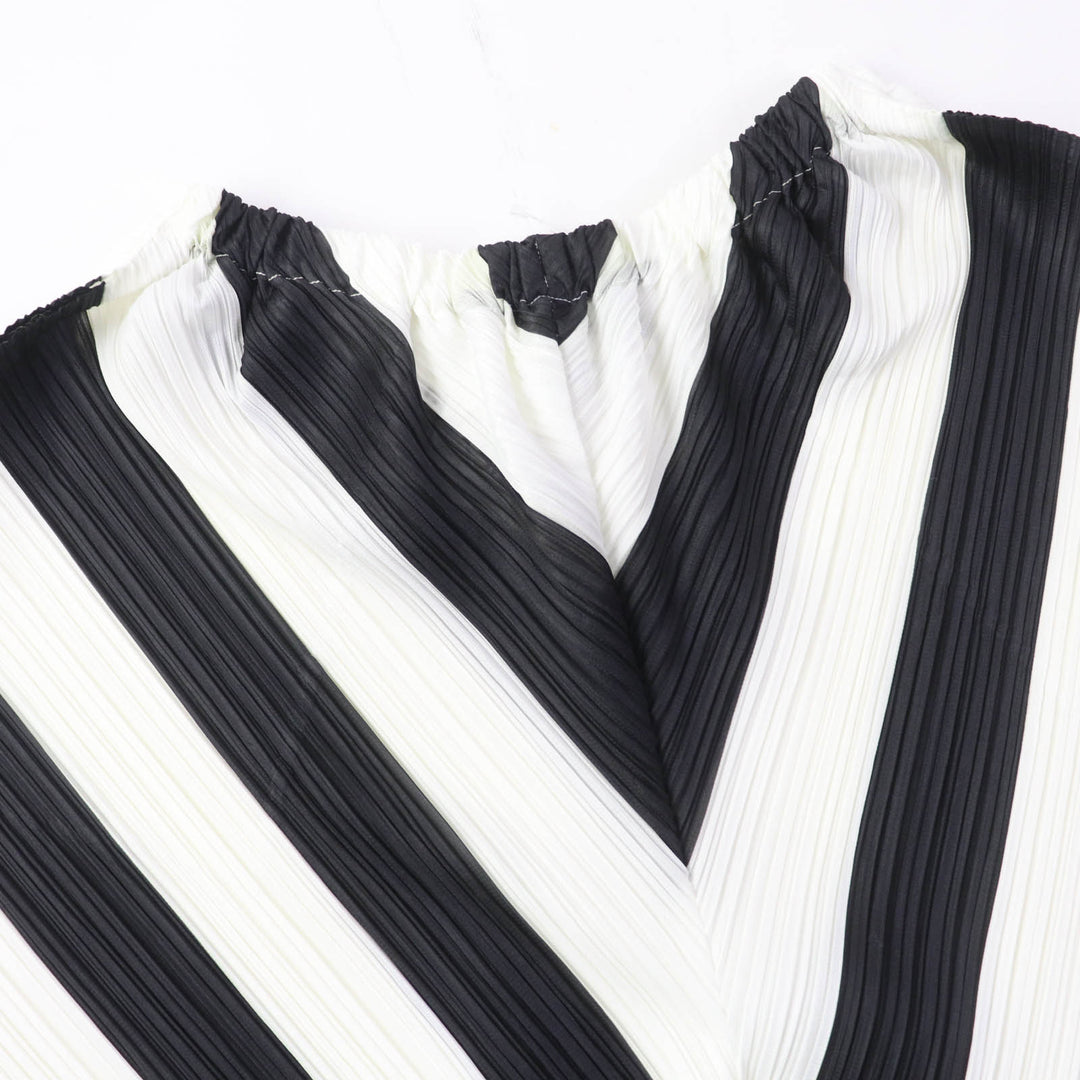 Pristine PLEATS PLEASE Saruel pants Diagonal striped wide pants White black 3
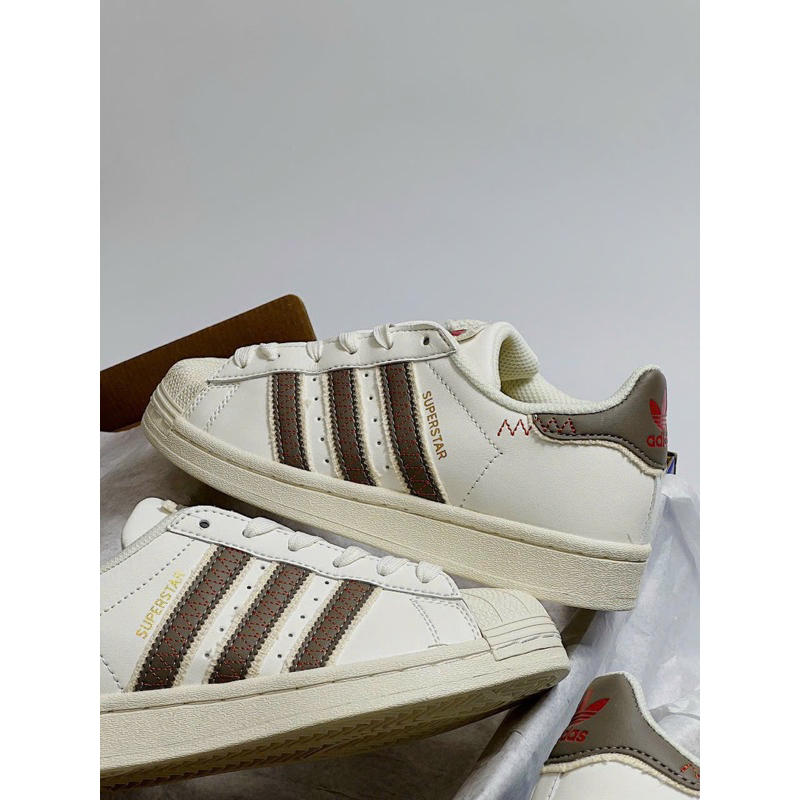 Giày sneaker superstar kem nâu viền đỏ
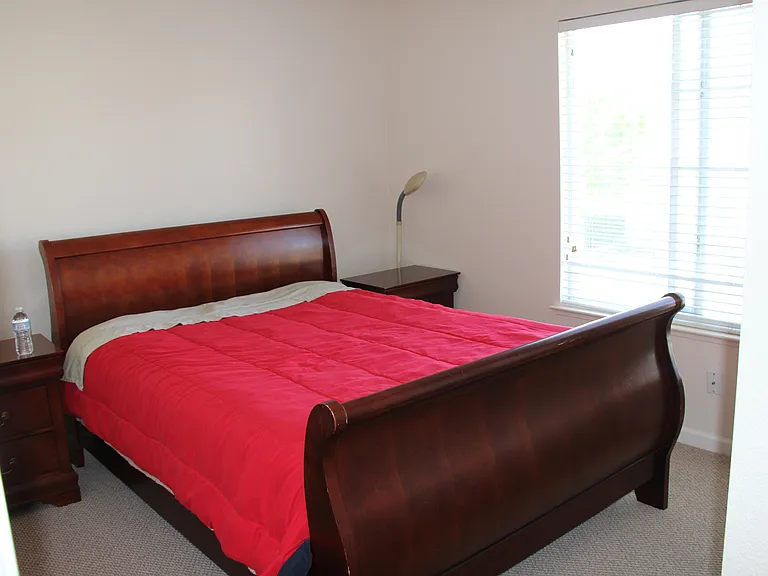 5068 Salon Dr — Photo 3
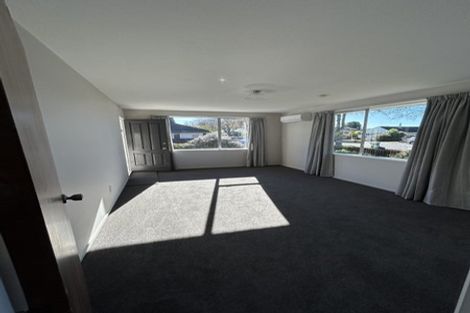 Photo of property in 1/3 Cavendish Road, Casebrook, Christchurch, 8051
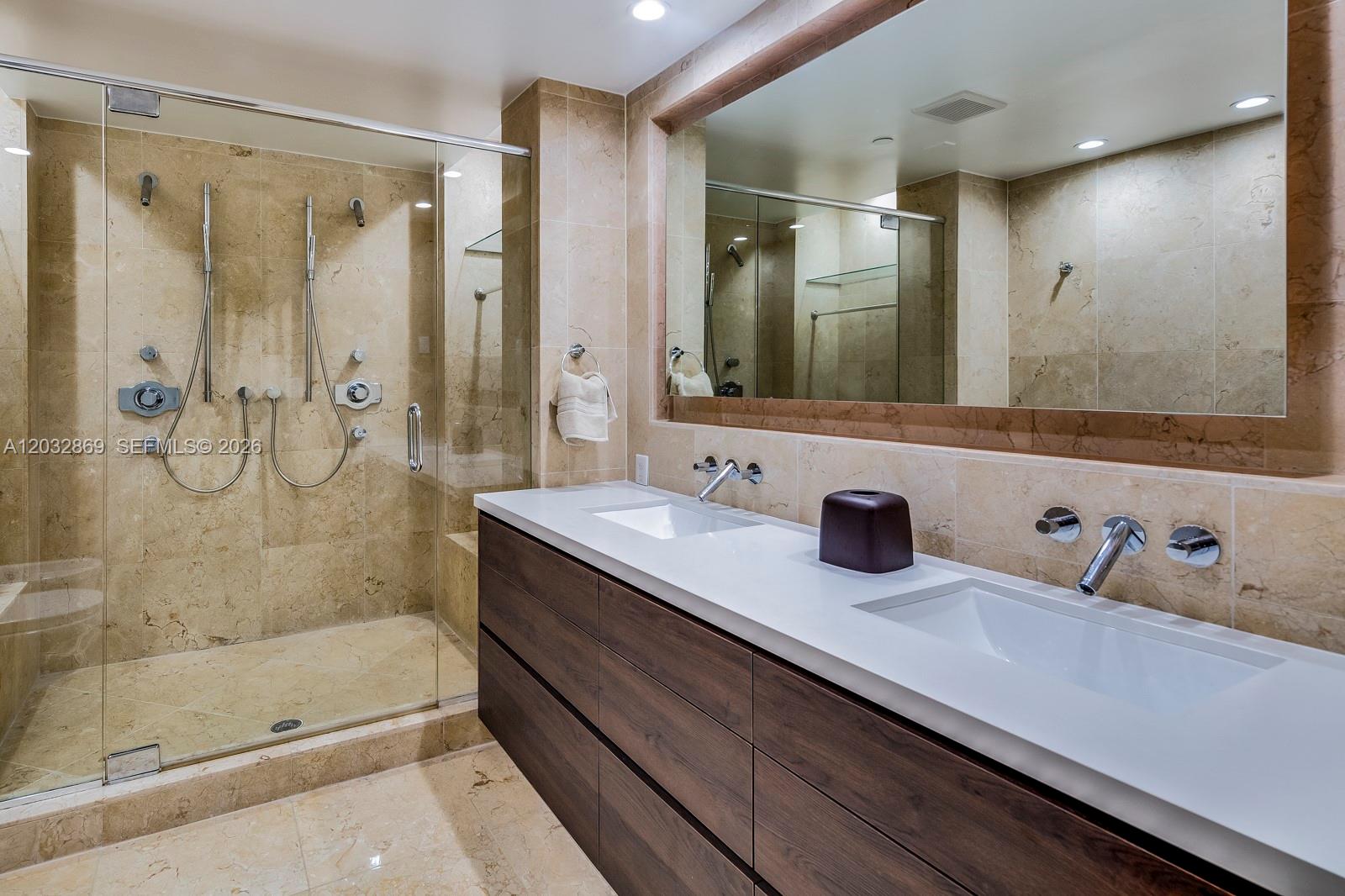 6000 Collins Avenue 346 Property Photo 17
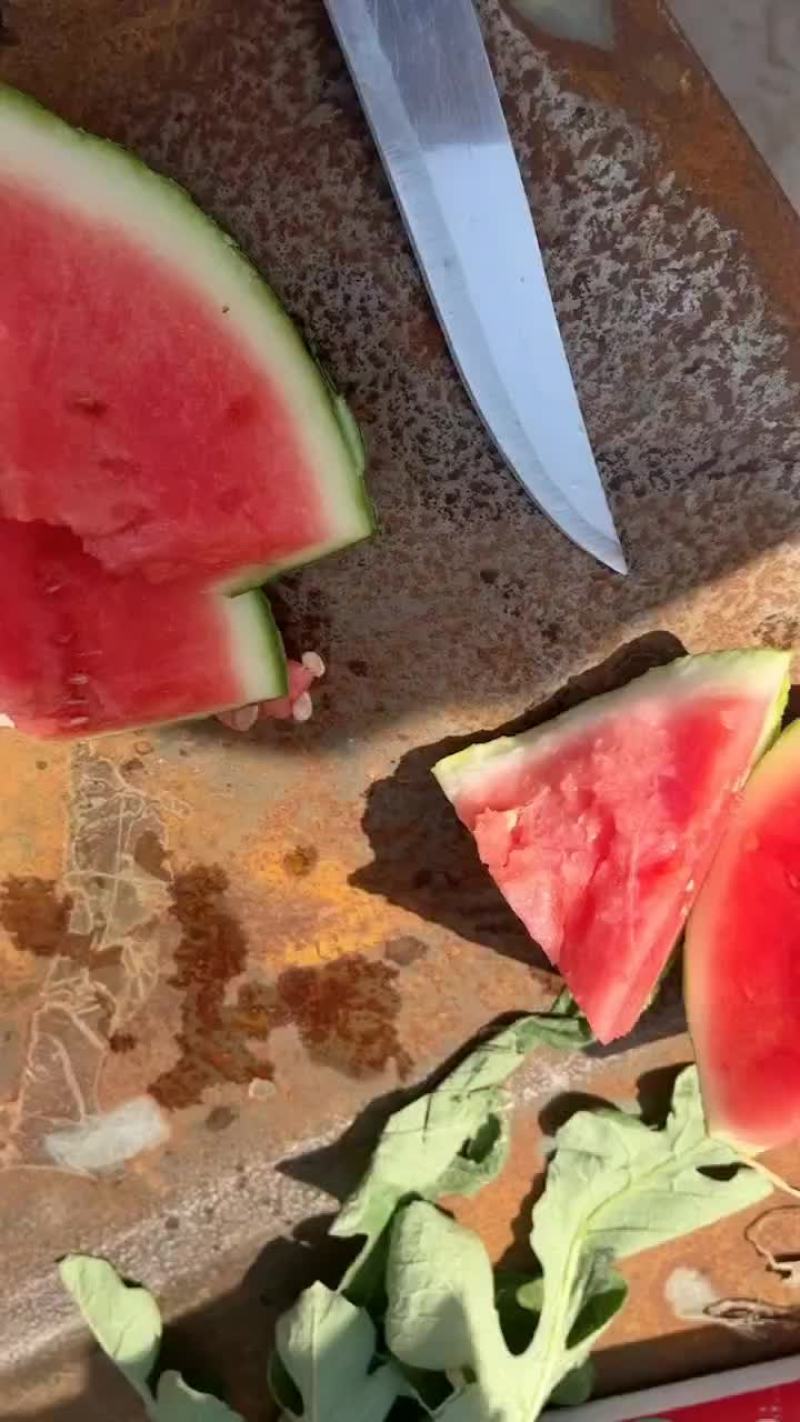 711
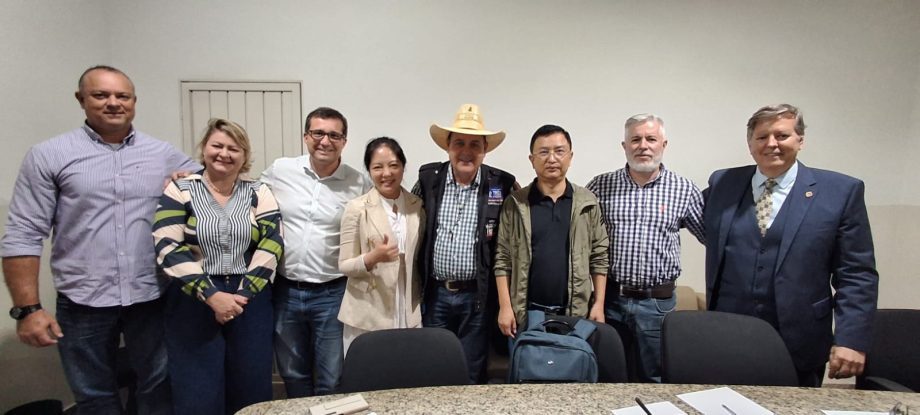 Prefeito Guerreiro recebe chineses interessados em investimentos em Três Lagoas Prefeito Guerreiro recebe chineses interessados em investimentos em Três Lagoas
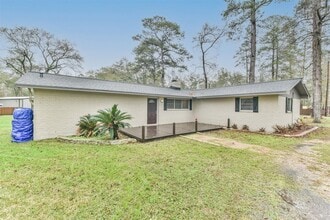 Building Photo - 23807 Red Oak Dr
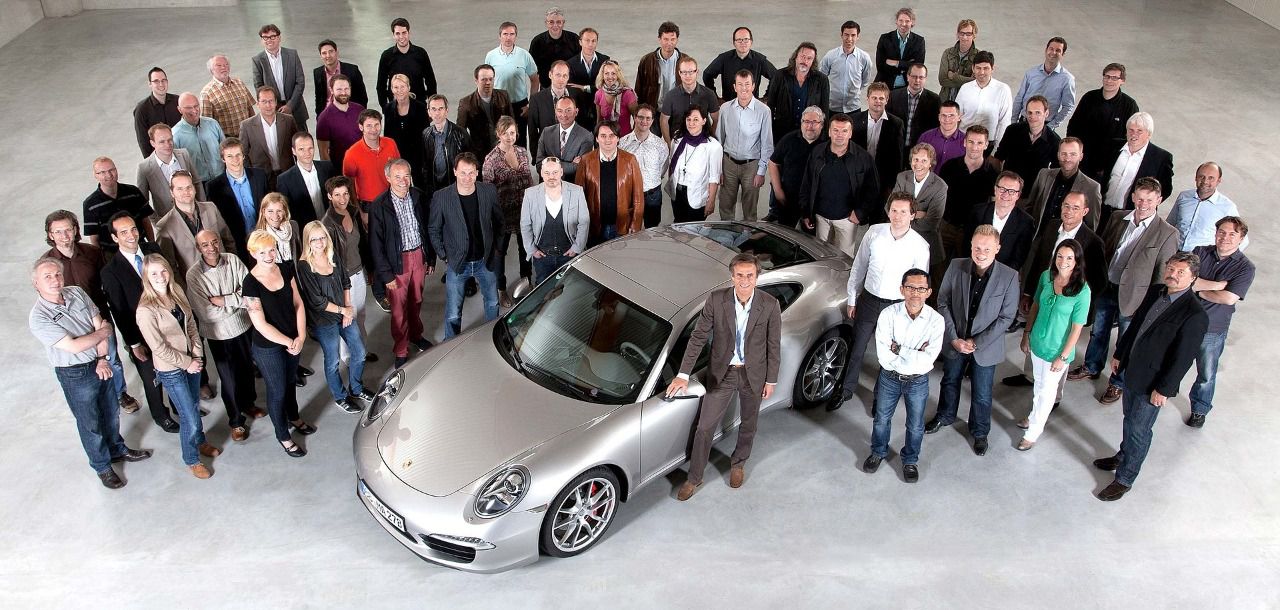 Mauer junto con su equipo de diseño recibiendo el premio por el diseño del modelo 911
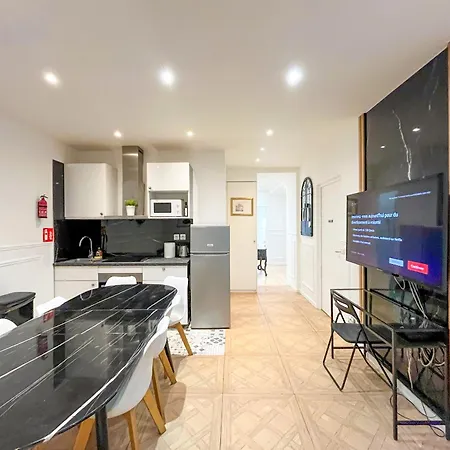 81 - Luxe Sebastopol Apartment Paris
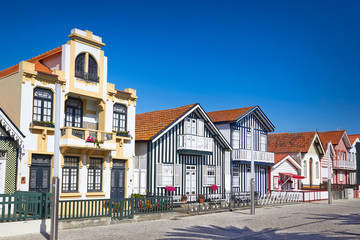Fototapeta na wymiar colorful houses in Aveiro, Portugal
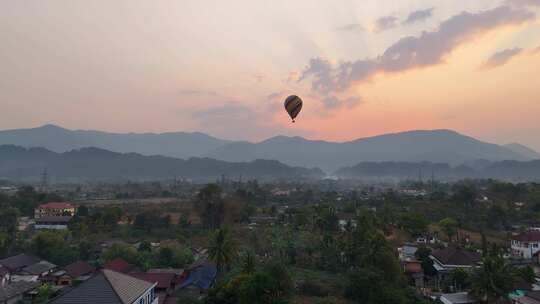 老挝万荣早晨升空的热气球运动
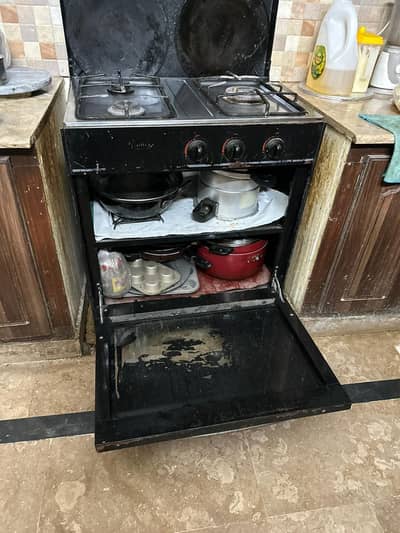 Cooking Range in Working Condition.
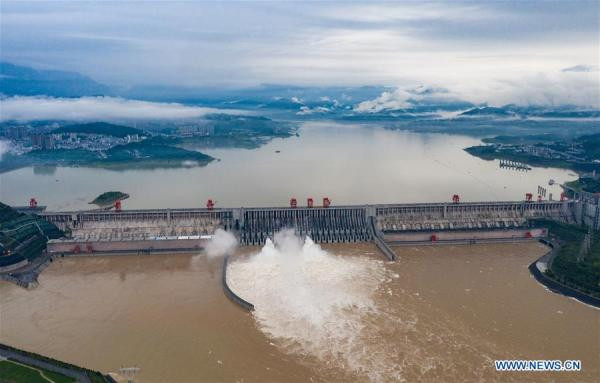 Trung Quốc đưa ra cảnh báo đỏ về lũ trên sông Dương Tử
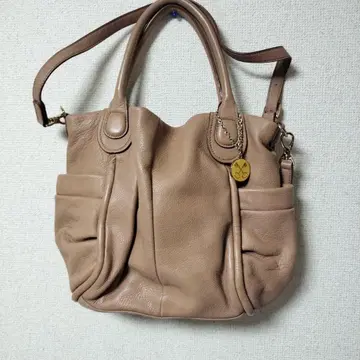 가죽 숄더백 포켓 부착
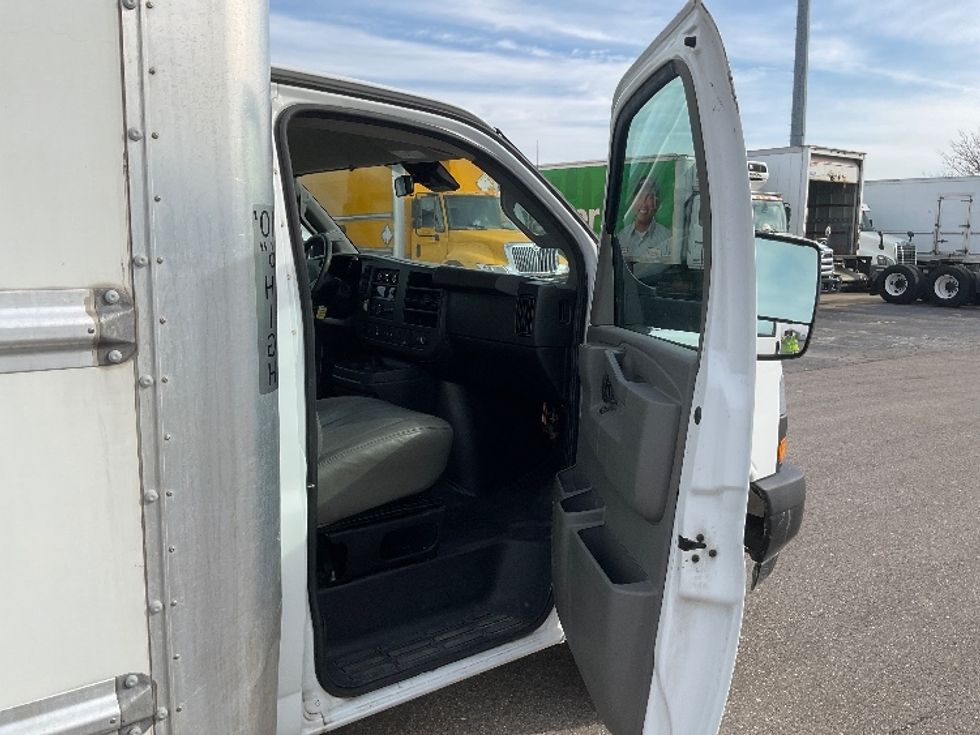 Light Duty Box Truck-Light and Medium Duty Trucks-GMC-2021-Savana G33903-Plymouth-MI-96,994\n\t\tmiles-$ 29,500 - Image 20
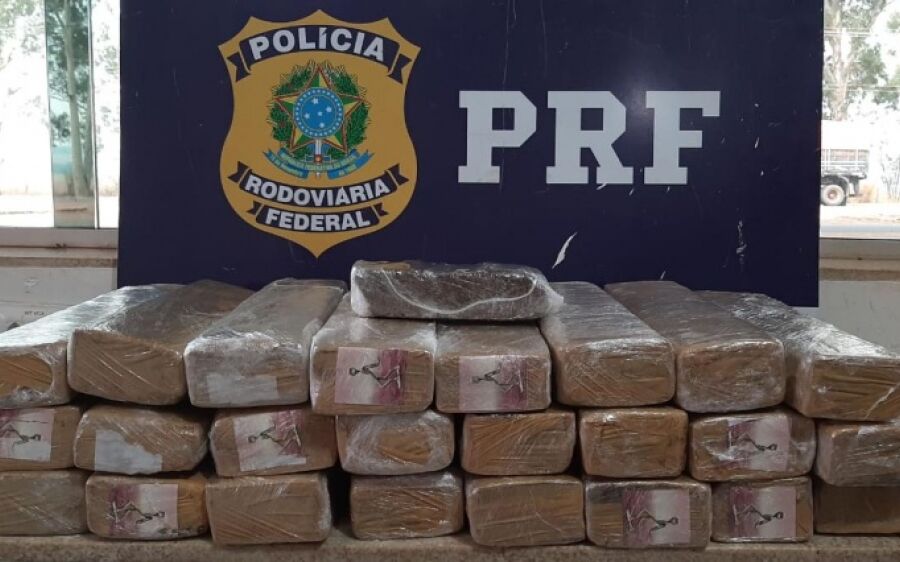 PRF apreende 35 Kg de maconha em São Gabriel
★ ★ ★ ★ ★ ★ ★
REQUIREMENT:
Excluding all pictures, output exactly the lines from the line containing "Cooking Range in Working Condition." through the last line of the entries above.

EXERCISE RESPONSE:
 Cooking Range in Working Condition.
 Trung Quốc đưa ra cảnh báo đỏ về lũ trên sông Dương Tử
 가죽 숄더백 포켓 부착
 Light Duty Box Truck-Light and Medium Duty Trucks-GMC-2021-Savana G33903-Plymouth-MI-96,994\n\t\tmiles-$ 29,500 - Image 20
 PRF apreende 35 Kg de maconha em São Gabriel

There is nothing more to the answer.